Lenny, like Ms. Sidhwa, is a Parsi, a member of one of India's myriad
minorities, descendants of Zoroastrians who fled Muslim persecution in Persia
in the eighth century and found refuge in the coastal state of Gujarat. When
partition came, the Parsis (like the Christians) stayed on the sidelines; they
were not targeted by the mobs nor forced to flee across the new frontiers that
vivisected their country.
So Lenny and her family are not personally threatened, but they live amid
Hindus, Muslims and Sikhs who are. Ms. Sidhwa's superb re-creation of
Lenny's early life richly evokes the colours, sounds and smells of pre-partition
Lahore. She has a particular talent for the larger-than-life Parsi eccentrics she

portrayed so well in her first novel, The Crow Eaters. But her most successful
characters here are the working-class adults little Lenny spends most time
with: her Hindu nursemaid, Ayah; the gruffly paternal cook Imam Din; the
untouchable gardener Hari; the Sikh zoo attendant Sher Singh, and Ayah's
Muslim admirers -- a nameless masseur, the knife-sharpener Sharbat Khan and
the mercurial Ice-candy-man.
It is the suggestively zaftig Ayah, desired by every man, who is the focus of
the book. "Hindu, Muslim, Sikh, Parsee are, as always, unified around her,"
Lenny observes. But looming over the narrative is the enigmatic shadow of
Ice-candy-man, who undergoes transformations that dramatically prefigure
those of the world around him. Through Lenny's eyes, we see him as the eager
popsicle vendor whose toes sneak under Ayah's sari early in the story; the fake
Sufi, with copper wiring coiled around his neck and chest, who declares he is
Allah's telephone; the fanatic mob leader who sickeningly betrays his love;
and the pimp-poet with amber eyes and oval face, reciting Urdu verses to woo
the woman he has destroyed. It is impossible not to see in Ice-candy-man a
metaphor for his society, as well as for the dangerous, transient unreliability of
humankind.
"One day everybody is themselves," Lenny observes, "and the next day they
are Hindu, Muslim, Sikh, Christian. People shrink, dwindling into symbols."

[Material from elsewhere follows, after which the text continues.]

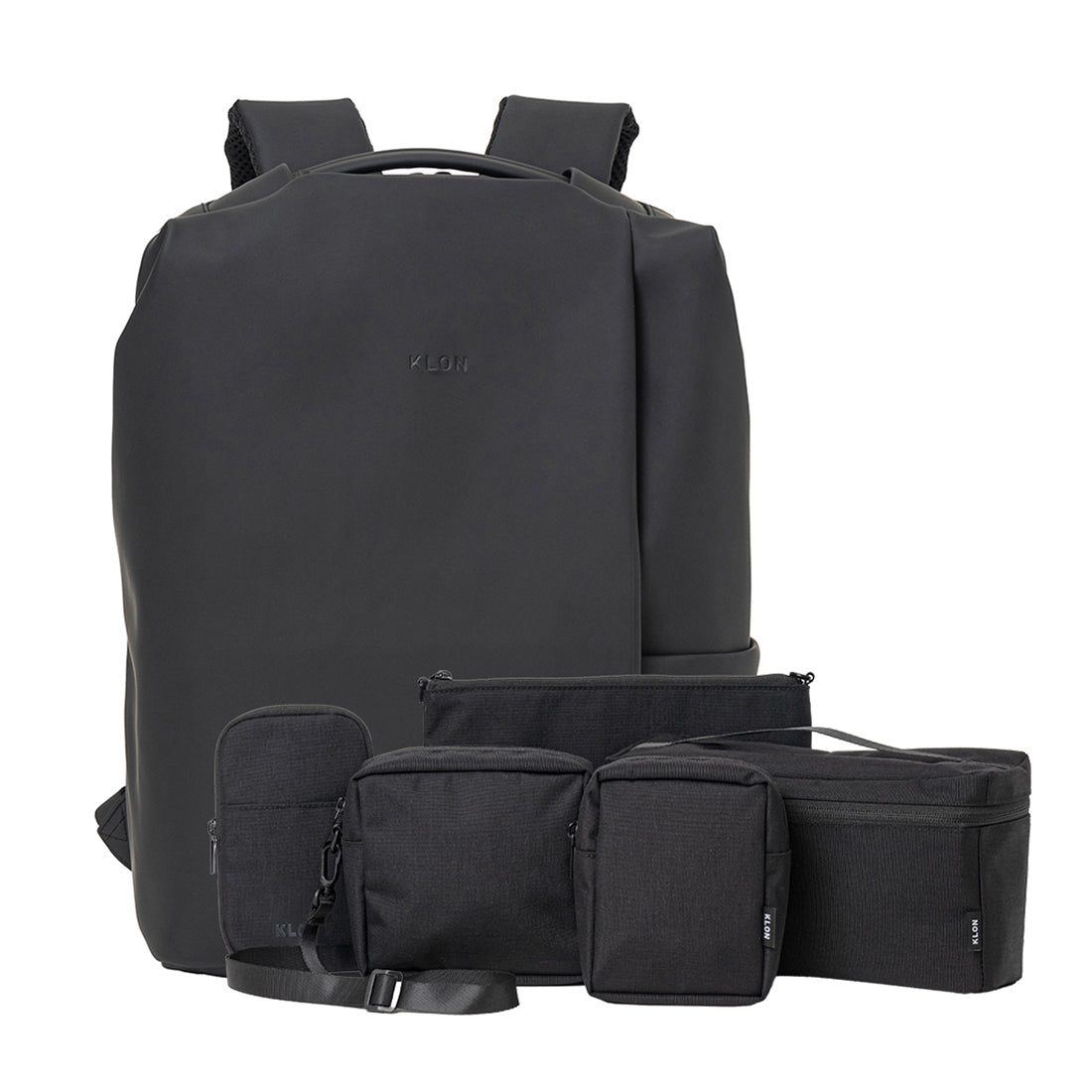 KLON MATTE COATED RUCK SACK-FFX02｜KLON（クローン）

But Ms. Sidhwa sees beyond the symbols to the poignant humanity of both
fanatic and victim. The scene in which an inflamed Muslim mob comes to
Lenny's house looking for Hindus, while intensely moving, is written with
remarkable power and restraint. Ms. Sidhwa leaves us with an unforgettable
image of the woman they abduct, "staring at us as if she wanted to leave
behind her wide-open and terrified eyes."

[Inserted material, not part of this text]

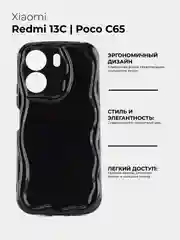 Чехол для Xiaomi Redmi 13C 4G / Poco C65 (Сяоми Редми 13С 4Джи / Поко С65), противоударный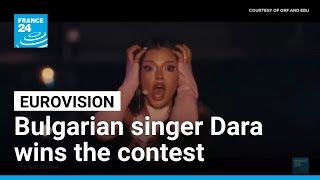 Bulgaria wins the 70th Eurovision Song Contest with 'Bangaranga' • FRANCE 24 English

Ice-Candy-Man is a novel in which heartbreak coexists with slapstick, where
awful jokes about fore fathers and foreskins give way to lines of glowing
beauty ("The moonlight settles like a layer of ashes over Lahore"). The
author's capacity for bringing an assortment of characters vividly to life is
enviable.
In reducing partition to the perceptions of a polio-ridden child, a girl who tries
to wrench out her tongue because it is unable to lie, Bapsi Sidhwa has given us
in Ice-Candy-Man a memorable book, one that confirms her reputation as
Pakistan's finest English-language novelist.